For its intended audience, the movie serves as a conscience-cleanser of sorts, a way of coming to terms with East Germany's past at a time when ordinary citizens were arrested, interrogated and harassed by the Stasi, or secret police. But we needn't evaluate The Lives of Others in German terms. In crossing the Atlantic, the movie gains in layers and relevance, anchored always by the intelligence — and grim humor — of Henckel von Donnersmarck's script. He makes a risky decision, choosing for his protagonist someone who might easily serve as the villain of another film, an obedient middle-aged Stasi captain named Gerd Weisler (Ulrich Muhe).
Some might be offended by a sympathetic portrayal of Weisler, while others may have trouble accepting the character's ultimate humanity. Audiences are certainly entitled to these reactions, and yet it's a fitting entry point into this story because it makes the viewers — already voyeurs by definition — complicit in Weisler' surveillance. We want to see. But as we permit ourselves to pry, we also come to understand how other Iron Curtain citizens might have become informants against their own neighbors.
Like Francis Ford Coppola's The Conversation, The Lives of Others is the psychological study of a man who, for all intents and purposes, has no life of his own but makes up for it by eavesdropping on the lives of others. Weisler's primary target is a popular playwright, Georg Dreyman (Sebastian Koch), whom he immediately suspects, and he volunteers to monitor the young writer's apartment.
If you look hard enough, everyone has secrets. But as the unemotional agent listens, he begins to realize that his superiors, namely Minister Bruno Kempf (Thomas Thieme), want Dreyman removed for purely personal reasons. It's easy to create a villain like Kempf, particularly in period pieces where hindsight makes the "bad guys" more clean-cut. But a character like Weisler is tougher, especially as he allows himself to intervene in Dreyman's affairs, forcing us to consider the gray areas.

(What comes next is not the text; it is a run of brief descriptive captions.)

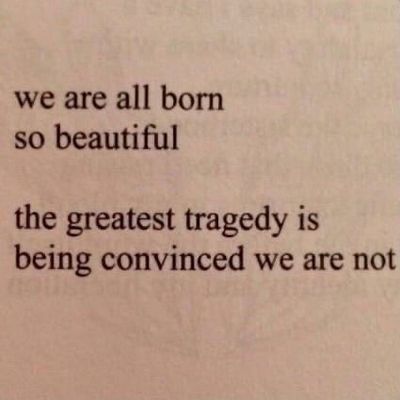 hotgirlcontent1 thumbnail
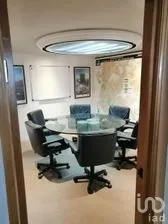 NEX-268925 - Oficina en Venta, con 2 baños, con 600 m2 de construcción en Roma Norte, CP 06700, Ciudad de México.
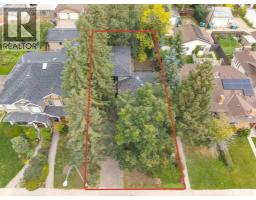 130 30 Avenue Ne, Calgary, AB T2E2C8 Photo 38
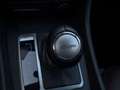 Mercedes-Benz SLK 55 AMG I Aut. I Designo I V8 I 361PK Weiß - thumbnail 33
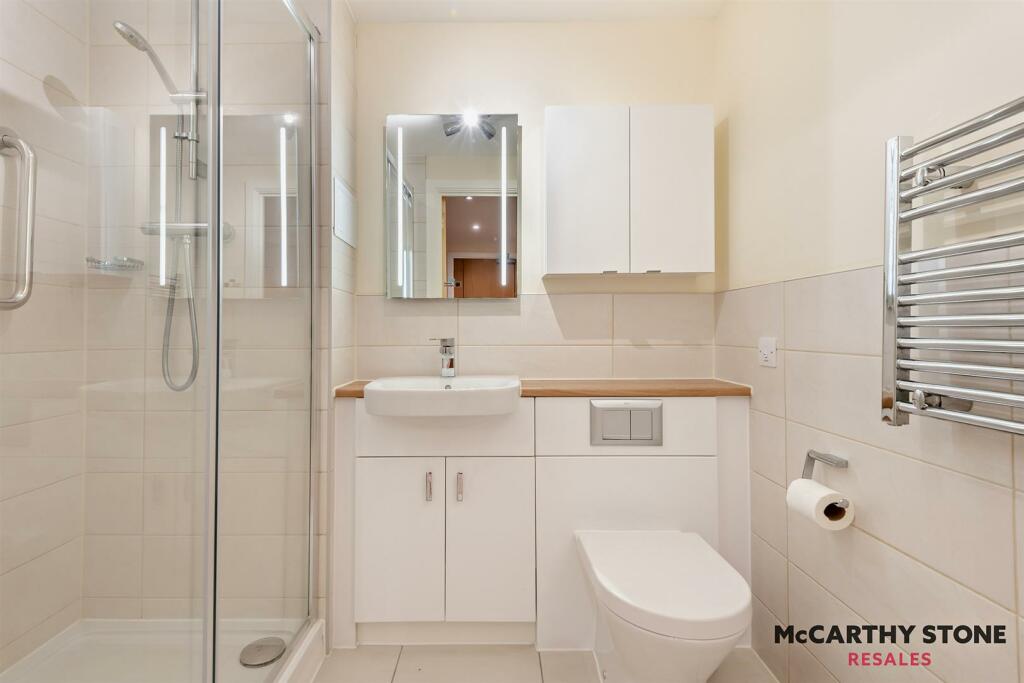 8627293-interior03-800.jpg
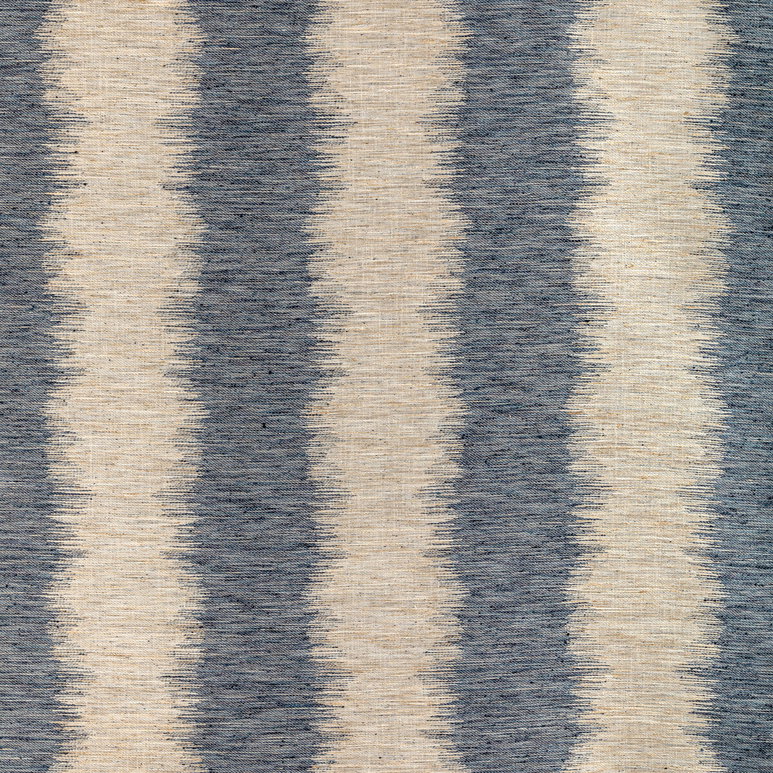 Kravet Design 36687 50 Fabric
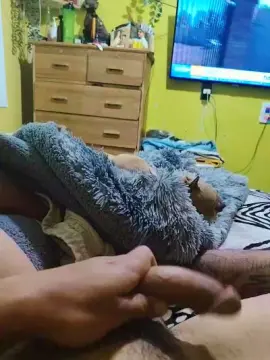 Cam4 Live Sex of Flacocrs2809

The result is tragic, but manageably so, and the entire last act feels unnecessary. The film's most poignant moment occurs much earlier, when Weisler lets a solitary tear escape while listening to Dreyman play the piano. As the devastated artist says aloud, oblivious that others are listening, "Can anyone who has heard this music — I mean, truly heard it — really be a bad person?" In Henckel von Donnersmarck's world, such people can be heroes.